Step 1. Get the steaming time.

           Time of arrival = 1600 10 Oct
     Time of departure = 0800 10 Oct 
                                   8 hrs is the steaming time

Step 2. Solve for the distance traveled for 8 hours.

          Distance = Speed x time
                       =  16 kts x 8 hrs
                       = 128 nautical miles

Step 3. Solving for Dlat.

                Dlat = Cos 38° x  128 nm    
                       = 100.86 nm
                           ÷   60          to convert it to degrees and minutes
                Dlat = 1° 40.86' N  North because the ship is northward

Step 4. Add Dlat and your latitude at position 1 to get the latitude of your new position.

                Dlat = 1° 40.86' N
       Latitude 1 = 9°  2' N         (Add because same name)

       Latitude 2 = 10° 42.86' N

Step 5. Solving for the departure and Dlo.
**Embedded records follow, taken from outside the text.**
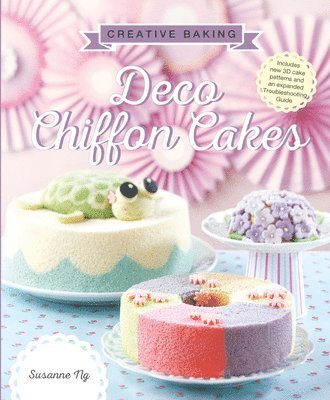 Creative Baking: Deco Chiffon Cakes 1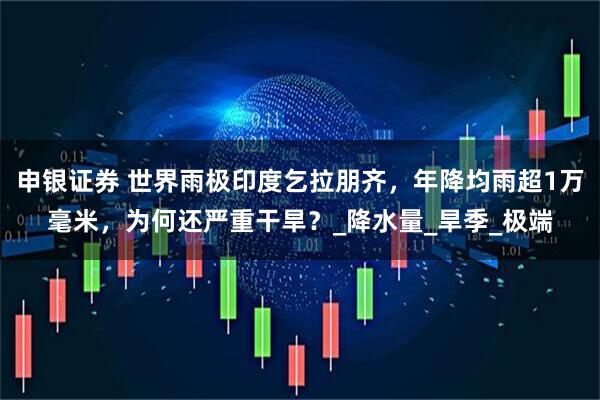 申银证券 世界雨极印度乞拉朋齐，年降均雨超1万毫米，为何还严重干旱？_降水量_旱季_极端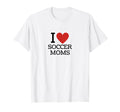I Love Soccer Moms T-Shirt - Trendy Graphic Men Women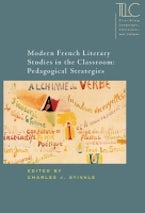 Modern French Literary Studies in the Classroom Modern French Literary Studies in the Classroom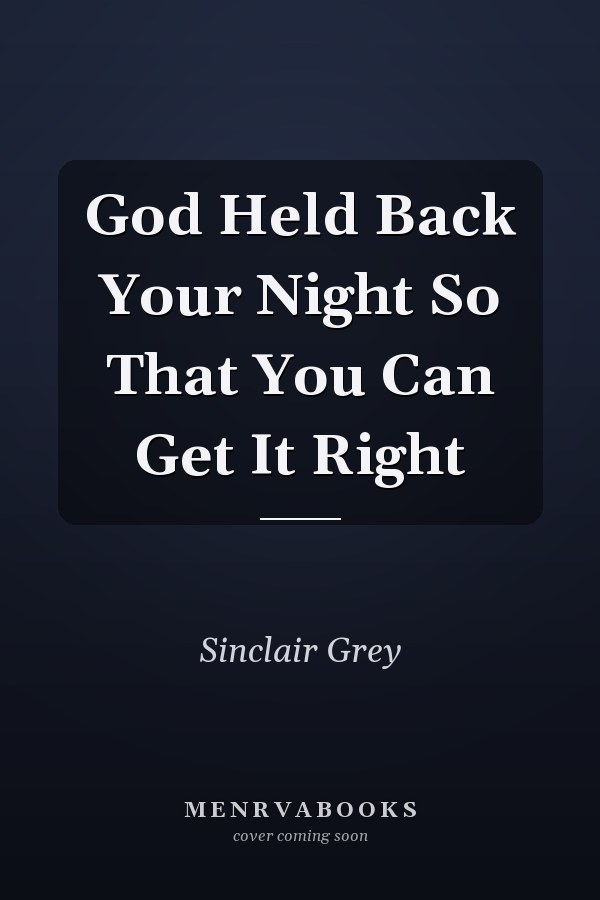 God Held Back Your Night So That You Can Get It Right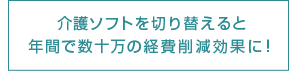 介護ソフトを切り替えると年間で数十万の経費削減効果に！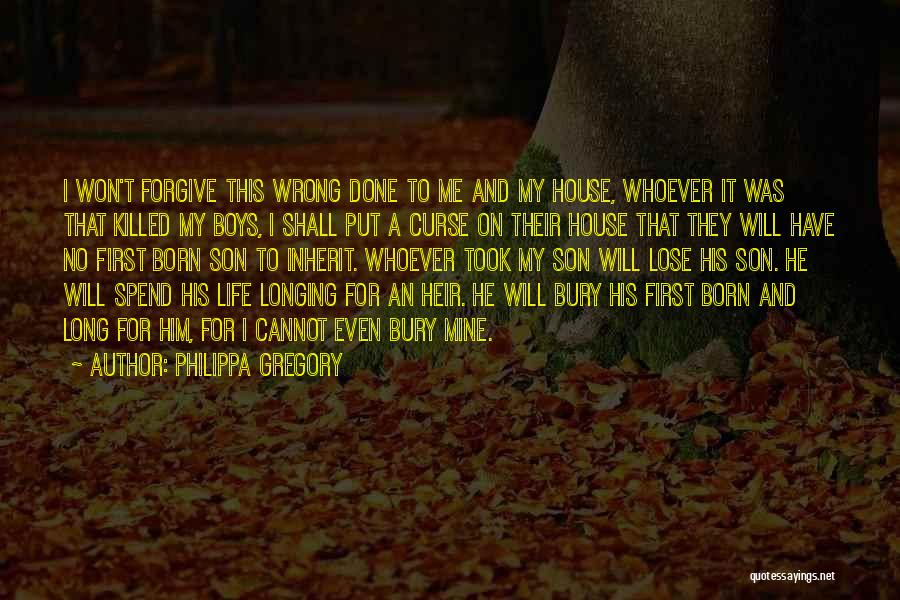 Philippa Gregory Quotes: I Won't Forgive This Wrong Done To Me And My House, Whoever It Was That Killed My Boys, I Shall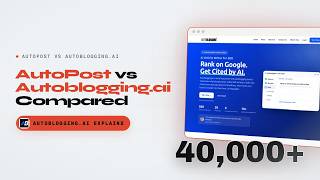 AutoPost vs Autoblogging.ai: Which AI Content Generator Wins in 2026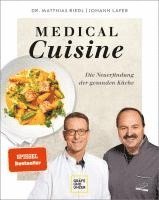 Johann Lafer, Matthias Riedl - Medical Cuisine, Inbunden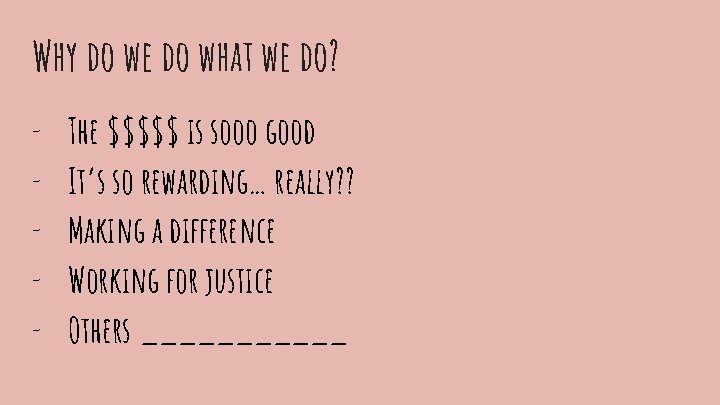 Why do we do what we do? - The $$$$$ is sooo good It’s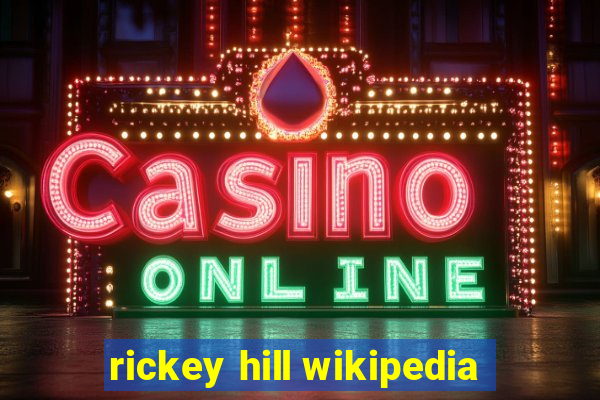 rickey hill wikipedia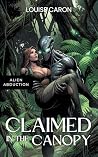 Claimed in the Canopy by Louise Caron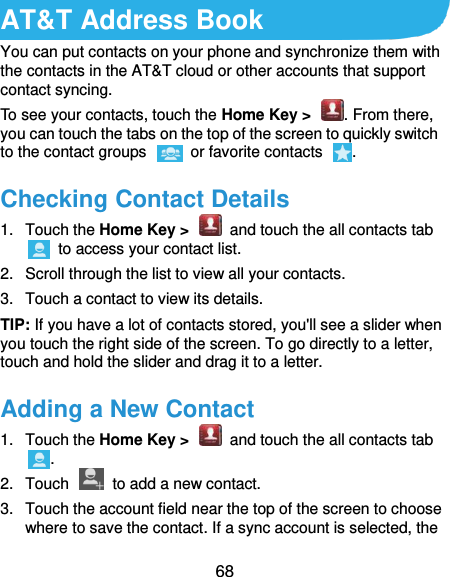  68 AT&amp;T Address Book You can put contacts on your phone and synchronize them with the contacts in the AT&amp;T cloud or other accounts that support contact syncing. To see your contacts, touch the Home Key &gt;  . From there, you can touch the tabs on the top of the screen to quickly switch to the contact groups    or favorite contacts  . Checking Contact Details 1.  Touch the Home Key &gt;    and touch the all contacts tab   to access your contact list. 2.  Scroll through the list to view all your contacts. 3.  Touch a contact to view its details. TIP: If you have a lot of contacts stored, you&apos;ll see a slider when you touch the right side of the screen. To go directly to a letter, touch and hold the slider and drag it to a letter. Adding a New Contact 1.  Touch the Home Key &gt;    and touch the all contacts tab . 2.  Touch    to add a new contact. 3.  Touch the account field near the top of the screen to choose where to save the contact. If a sync account is selected, the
       Departure = Sin 38° x Distance
                       = Sin 38° x 128 nm
                       = 78.80 nautical miles
                          ÷ Cos 10° 42.86'    to get Dlo. But if in equator, Dep = Dlo
                           80.2 nm 
                        ÷ 60                  to convert it to degrees and minutes
                           1° 20.2' E is the Dlo

Step 6. Solving for the new longitude.

          Long 1 = 116° 49.5' E
               Dlo =     1° 20.2' E     same sign; add
          Long 2 = 118° 9.7' E

    So the new position of the ship is 10° 42.86' N, 118° 9.7' E.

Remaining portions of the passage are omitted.